Once in a blue moon, Walt Disney Disney Pictures surprises friend and foe with a steampunk or dieselpunk masterpiece. The Rocketeer (1991) is one of those masterpieces.
The movie is based on the dieselpunk comic book of the same name by writer and artist Dave Stevens. Stevens also served as co-producer to the film, which was a very wise choice as surely he knew the story best.
The year is 1938 and the place Los Angeles, where the events focus around a young stunt pilot called Clifford “Cliff” Secord with big dreams of winning the national championship airshow.
He’s having a bad day at the beginning of the movie, ending a test flight with a crash landing that would make DuckTales‘ Launchpad McQuack proud. The plane he and his friends worked on for two years ends up a total wreck, ruining his chances for the nationals, and his girlfriend, aspiring actress Jenny Blake, gets quite cross at him for not telling her the whole story when they go out that evening.

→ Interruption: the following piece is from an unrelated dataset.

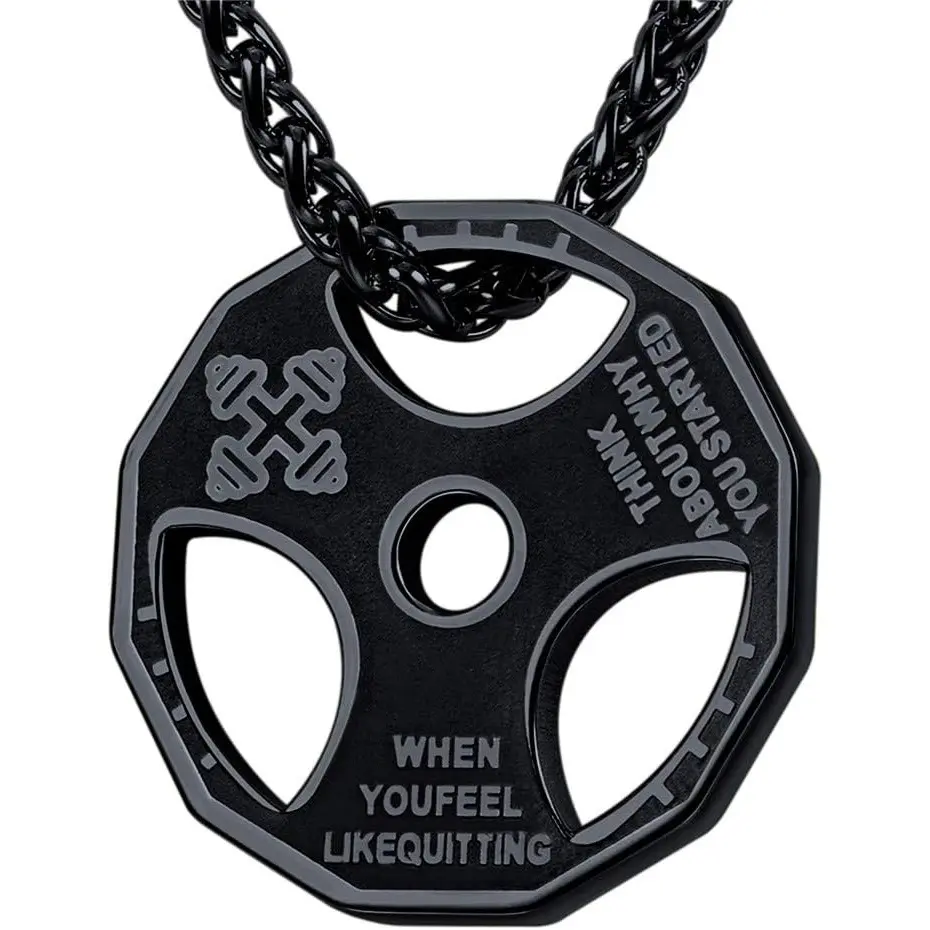 Men Women Fitness Dumbbell Necklace Stainless Steel Weight Plate Barbell Chain Pendant Necklace,Chain 22"+2" Extender, with Gift Box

When he and his friend and housemate, the brilliant mechanic Peevy, find a rocketpack in their garage, it’s the beginning of a big adventure. Because while for Cliff and Peevy the rocket is just a way to make a quick buck to get a new plane, to the FBI, mob boss Eddie Valentine, Hollywood star Neville Sinclair and the Nazis, it’s far more than just a rocket. And when he makes the news and gets dubbed “The Rocketeer” due to an action where he saves a friend from a crashing airplane, he is quickly running with all the abovementioned on his tail, ending in a climactic event featuring as big a flying machine as a Hindenberg!
All the dieselpunk elements that make a movie within the genre great are there: mobsters, fashion, a Nazi spy, a zeppelin, a hideous assassin and the good guys winning in the end. It’s what makes films like the Indiana Jones series great, but this time it comes with some extras.
It has momentum, historical figures like Howard Hughes and Clark Gable (though you have to be very quick for the last one); even a Nazi propaganda movie (made by Disney especially for the feature). The connotations to real-world events are a nice touch, though you don’t have to know much about history to enjoy the story.
While it’s a fun-filled family adventure, it can be enjoyed by viewers of all ages, and it’s definitely a must-see for aficionados of dieselpunk!
This story first appeared in Gatehouse Gazette #13 (July 2010), p. 11, with the headline “The Rocketeer”.